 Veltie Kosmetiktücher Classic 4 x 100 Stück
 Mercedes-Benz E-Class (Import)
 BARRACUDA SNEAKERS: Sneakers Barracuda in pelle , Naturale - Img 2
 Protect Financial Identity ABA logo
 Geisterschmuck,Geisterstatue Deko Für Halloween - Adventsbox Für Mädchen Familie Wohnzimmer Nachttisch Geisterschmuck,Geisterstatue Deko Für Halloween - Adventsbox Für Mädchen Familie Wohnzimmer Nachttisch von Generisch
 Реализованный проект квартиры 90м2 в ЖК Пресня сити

+ + + + + + +

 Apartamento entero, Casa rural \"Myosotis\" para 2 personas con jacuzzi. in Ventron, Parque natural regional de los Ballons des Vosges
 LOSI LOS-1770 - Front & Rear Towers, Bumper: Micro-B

+ + + + + + +

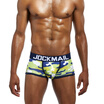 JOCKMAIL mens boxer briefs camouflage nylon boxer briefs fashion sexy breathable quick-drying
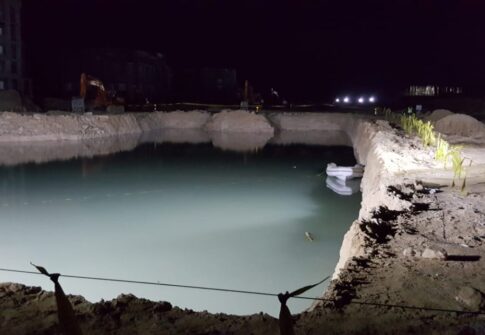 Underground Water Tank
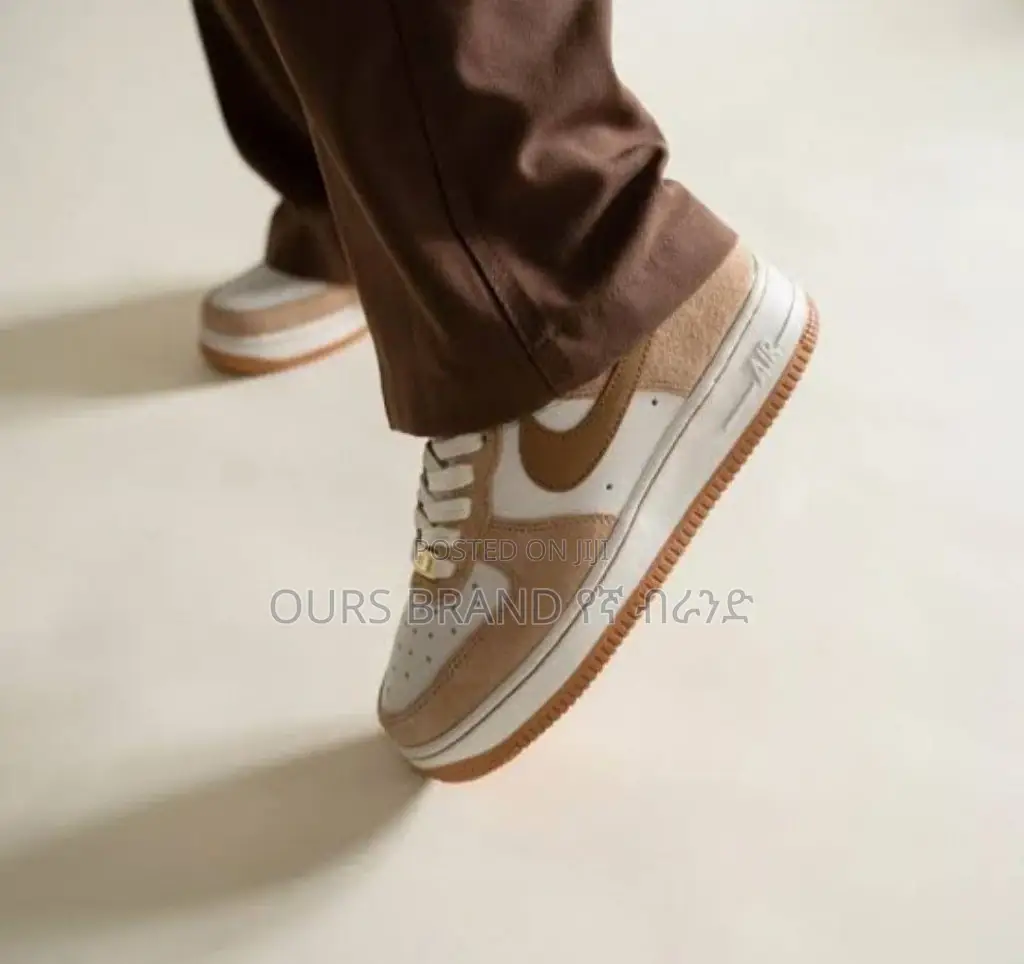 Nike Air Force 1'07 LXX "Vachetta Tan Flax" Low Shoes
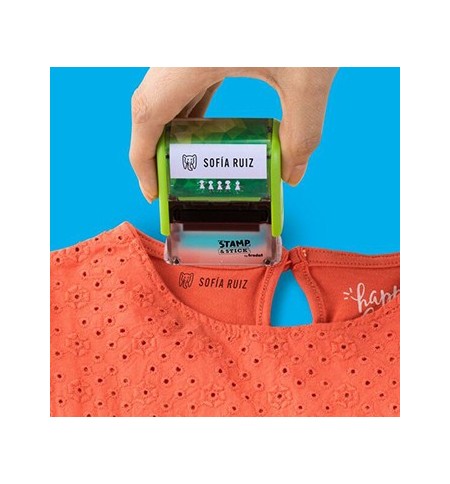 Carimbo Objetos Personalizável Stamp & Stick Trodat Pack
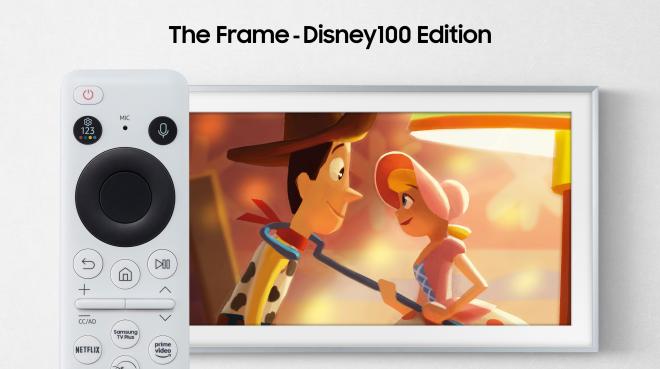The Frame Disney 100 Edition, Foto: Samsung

+ + + + + + +

> _What you should do_
In the listing above, find the line containing "Protect Financial Identity ABA logo" and the line containing "Реализованный проект квартиры", then retype both and every line between them exactly, with nothing else.

> _Solution for this problem_
 Protect Financial Identity ABA logo
 Geisterschmuck,Geisterstatue Deko Für Halloween - Adventsbox Für Mädchen Familie Wohnzimmer Nachttisch Geisterschmuck,Geisterstatue Deko Für Halloween - Adventsbox Für Mädchen Familie Wohnzimmer Nachttisch von Generisch
 Реализованный проект квартиры 90м2 в ЖК Пресня сити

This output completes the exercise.